I don’t know if I have a good answer to that, but my goal is not to tell you what you should do if your partner cheats. My goal is to give you some food for thought in case you’re in that kind of situation. Or even to help you think about it rationally to give advice to a friend. When a partner cheats, we often look to ourselves to see if we’ve done something wrong. And that’s always a good start, but it’s not always the answer. Sure, maybe your partner feels that you didn’t give them enough of something (love, sex, attention etc.), but that in itself isn’t always a reflection on you. It’s possible that you were meeting their needs, but the struggle was theirs.
If your partner has cheated, is it possible for you to forgive them? Again, I’m not sure that I have an answer for this. If we see a woman (yes, I’m being gendered) forgive her husband or boyfriend for cheating, we assume that she’s getting walked over and that she needs to get out of that relationship immediately. In today’s society, I think we throw away relationships too quickly. Infidelity is a huge issue and maybe it’s not one that can be forgiven all the time, but if you’re committed and invested in the relationship, it doesn’t hurt to make it work.
While I’m not an expert in relationships, I have been in a situation where my partner cheated on me. Do I think I played a role in his actions? Absolutely. But I think in my case the answer would have been to break up long before we did. Also in my case, the relationship was over long before he cheated so maybe the role I played was enabling it? Every relationship is different. There isn’t a yes or no answer to my original question. On the other side of the spectrum, there are people who purposely open up a relationship in order to stay with their partner. The difference is that both partners are aware that one partner (or both) are getting some kind of fulfillment from another person. And in those cases, it’s not cheating as both parties consent.
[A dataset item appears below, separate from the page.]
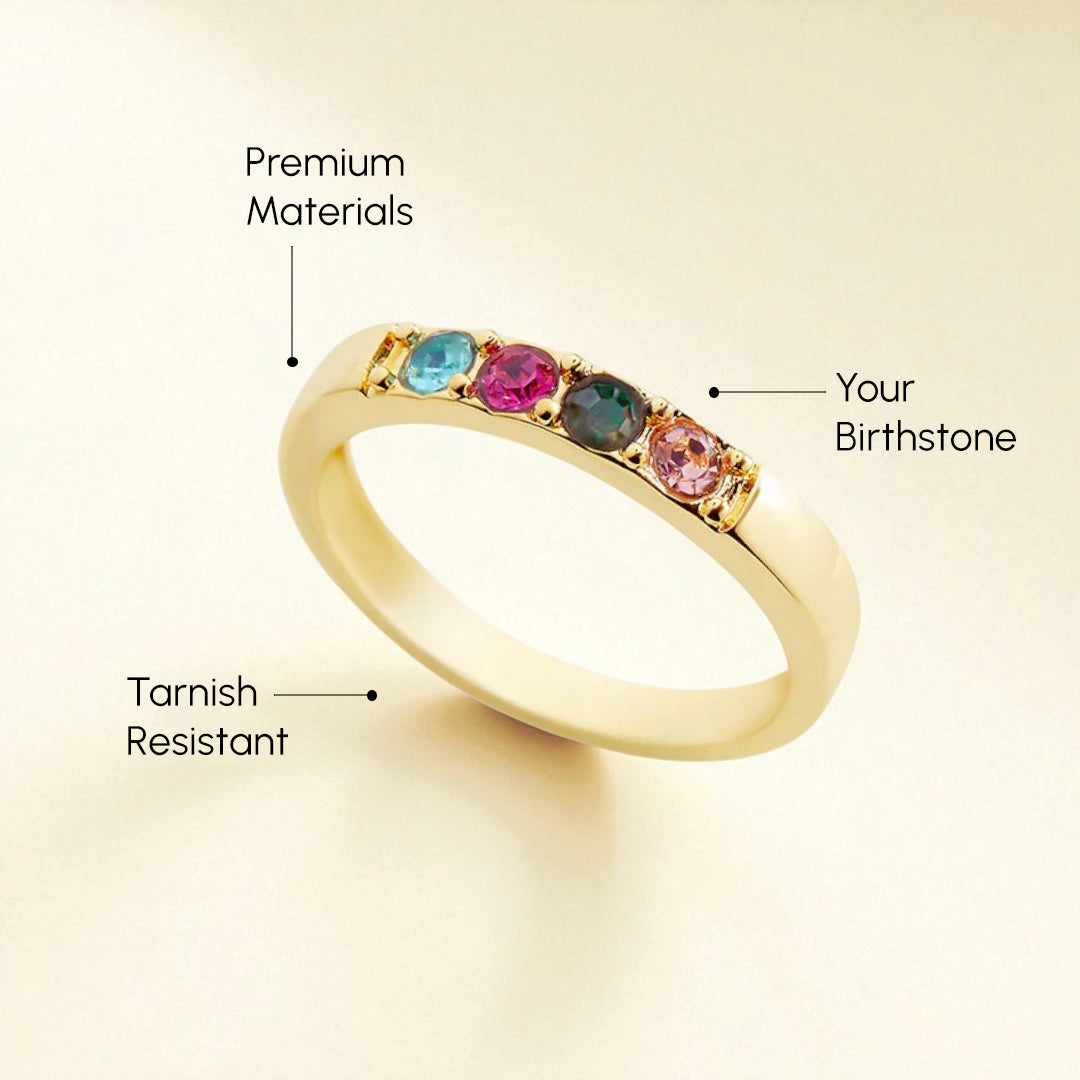 Gold ring with birthstones on a beige background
When it comes to relationships, I think it’s naive to think that we are able to get everything that we want and need from just one person. I think it’s hard for us to think that way because we want to believe that our partner is Super Man or Wonder Woman and is able to fulfill every need, want or desire that we have. But that’s not realistic, in my opinion. That’s not to say that every relationship should be open, but as our relationships evolve, I think we need to consider what our wants, needs, and desires are in order to cultivate happy and healthy relationships.